Disasters Decoded - Space Apps Challenge

Disasters Decoded| Automated Detection of Hazards

Automated Detection of Hazards

Countless phenomena such as floods, fires, and algae blooms routinely impact ecosystems, economies, and human safety. Your challenge is to use satellite data to create a machine learning model that detects a specific phenomenon and build an interface that not only displays the detected phenomenon, but also layers it alongside ancillary data to help researchers and decision-makers better understand its impacts and scope.

Heuristic Approach To Flood Prediction

Summary

In this project, we used a unique combination Artificial Neural Networks (ANN's) and Recurrent Neural Networks (RNN's) for the prediction of the precipitation pattern of the world to better predict areas with most plausibility of a flood based on Inferential statistical analysis.

How I Addressed This Challenge

1.What is it? :

We have developed a unique interconnected algorithm which takes into account the present precipitation distribution to predict future precipitations. It does this by 2 parts working together in sync, Machine Learning and Statistical inferences.

2.How is it important? :

This combination allows for more dynamic predictions as opposed to using just a single one, hence giving better predictions for rainfall patterns. This is crucial for the future of flood prevention. Floods cause lots of destruction each year and we believe that our model can help to provide warnings sooner.

3.What does it do? :

It gives a prediction of how the rainfall pattern evolves over time and then uses statistical inferences to label each coordinate with a plausibility and intensity of floods which are the metrics we decided upon using for prediction.

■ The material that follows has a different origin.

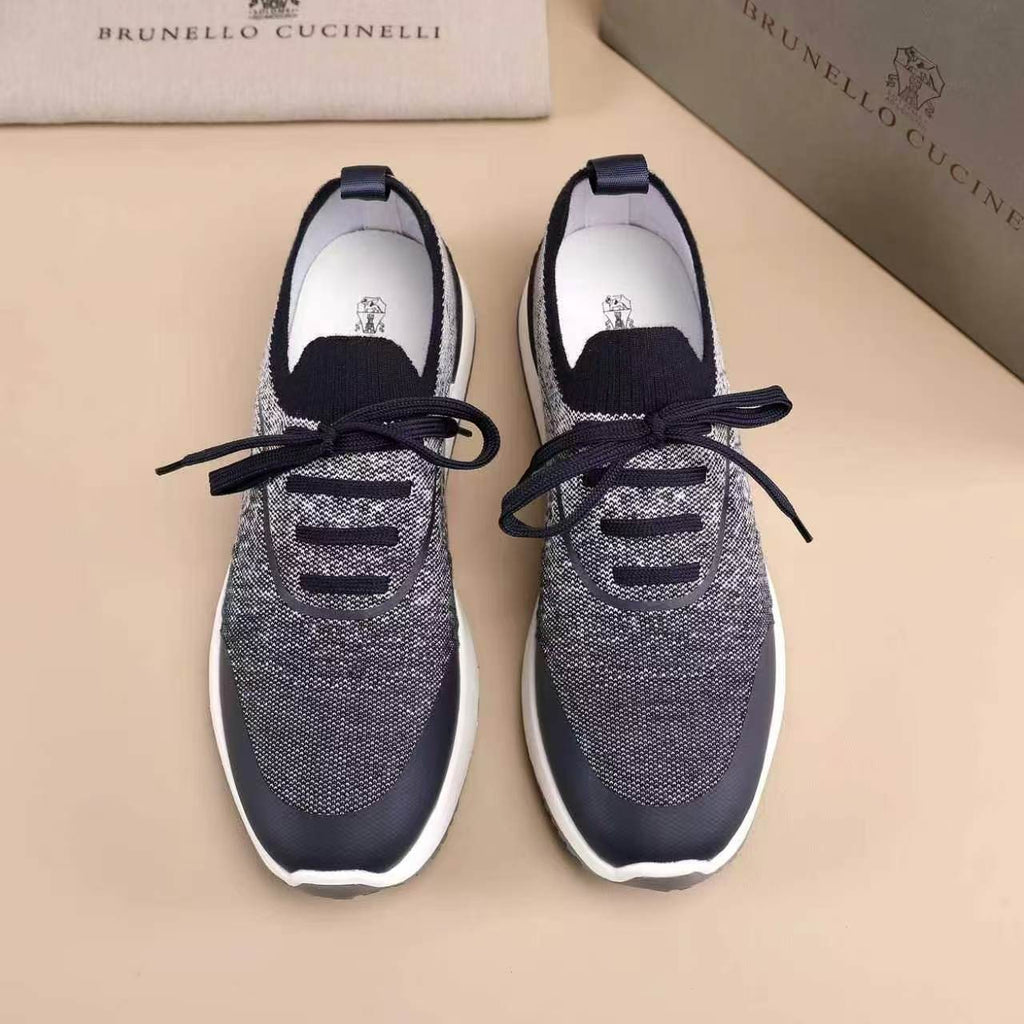 Brunello Cucinelli Men's Knit Lace-Up Sneakers - Layered Contrast Panels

4.How are the inferences made? :

One of the biggest challenges we faced were of how the inferences were going to be made. We eventually boiled it down to 3 key instances:

The variance and mean of precipitation of the past week of a location
The number pairs of similar consecutive precipitation values of the past week of a location
The difference of the temporal range from present value

*how the inferences interact will be discussed later*

5.Why this? :

We specifically chose this as our model because we wanted to be unique and have an out of the box way. We believe that testing our model, which people wouldn't think at first, might be one of the better ways for prediction. The core concept of our model can also be used with other pre-existing models to make even better predictions. We knew that our model probably wasn't the best one ever out there, but we knew it might be a precursor for better models for the future of hazard prediction. By no way is this only limited to flood prediction. We can use our model on almost any kind of hazard ranging from landslides to floods and floods to forest/bush fires and this property of being fluid and dynamic while being powerful is why we decided to use this specific model.

6.Aim :

We hoped to achieve accurate prediction of floods for the betterment of the the world.

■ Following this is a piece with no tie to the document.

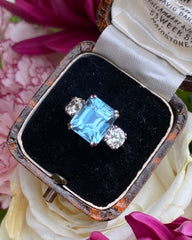 Aquamarine and Diamond Three Stone Platinum Ring 1.02ct + 3.95ct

How I Developed This Project

This project for our team has been filled with ups and downs and one of the most intrinsic and convoluted project we had ever worked on. This topic peaked our interest as it combined everything we enjoyed; Machine Learning, Real Word Application and Thinking outside the box.

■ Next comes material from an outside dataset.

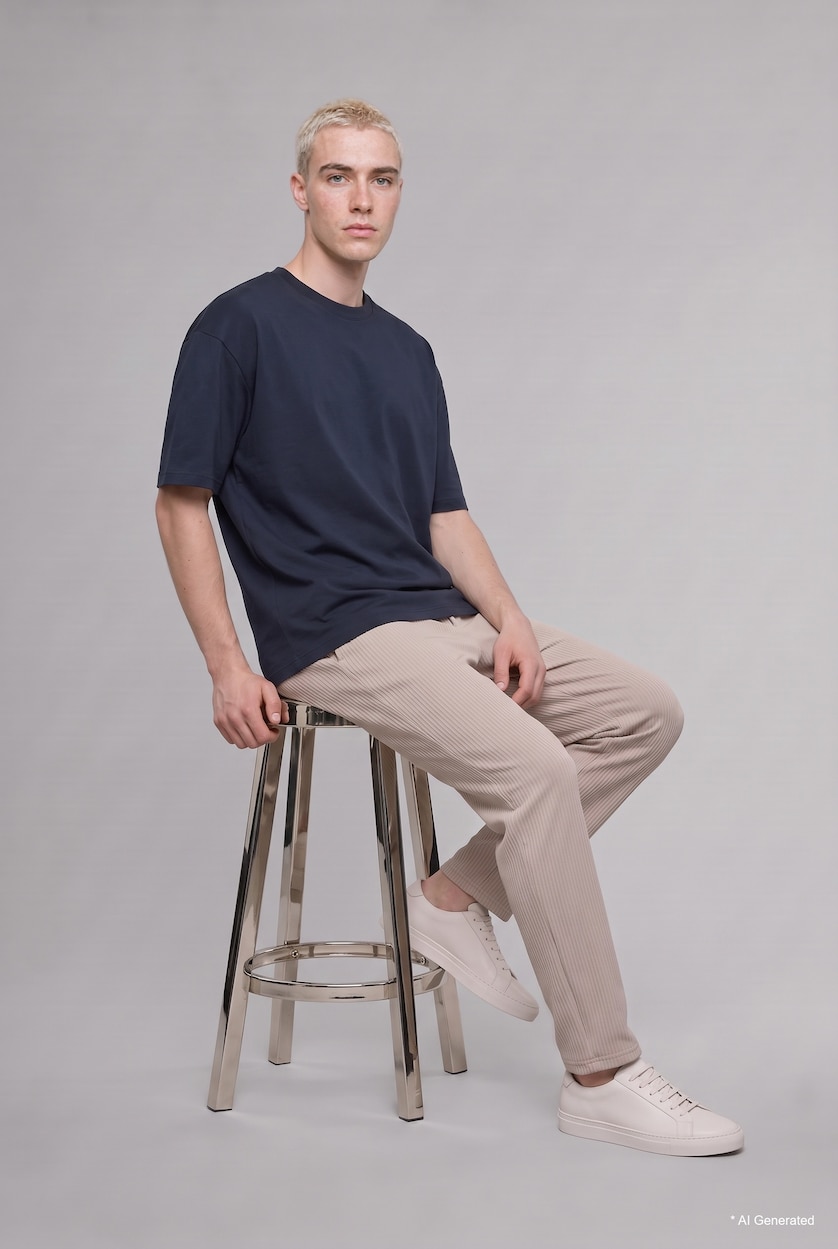 Men Light Grey Wide Leg Trousers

Working on disaster prediction opened us to the real world problem solving and critical thinking which was a new and exciting feeling.

Project Details

Our project was made in mainly 3 parts:

Getting and parsing data
Training and prediction
Visualization of prediction

Getting and Parsing Data

In this part we had to download the data files from Nasa [1] and for that we decided to create a chrome extension which download all the data in the background while we focused on the other parts like how to parse the obtained data. The data was in a netCDF4 format so it needed special treatment. We create a python file to read the precipitation values and the date, then according to the precipitation values we converted it to RGB values and overwrote those values on a world image to produce the training data. It was decided to be done like this over converting to other formats like CSV as each image takes up only 60kb and the original netCDF4 file was on average 30mb so that got us 99.8% better storage management. A part of the visualization was also completed on this step. *see our github repository NasaPrecipitationDataGet-Parse*

On the other side, we also needed to get the world precipitation in real time which the NASA Earth Data didn't provide (it was lagged 3 months). After a lot of searching we found [2] and it was a life saver as no other services provided near-real time rainfall data of the whole world.

Training and Prediction

This section was probably one of the easier sections of the project but still had its one challenges. Our first idea was to make our own ANN from scratch and to train it. But it wasnt so straight forward, our ANN had one major problem, memory usage. Our system only had 8gb ram and our unoptimized ANN was memory hungry so i needed 40.56 GB RAM to function which was a bit unrealistic so we updated the code, made it shorter and faster any we got it down to 30GB RAM but it was still too much. So in the end we decided upon using pre optimized ML libraries such as TensorFlow.py to do the dirty work for us. It still needed 5GB RAM but that was now manageable with my system. Now the easy part was done, what we needed now was to actually train it on our data. We went with a one hidden layer comprising of 10000 nodes as the architecture (see img).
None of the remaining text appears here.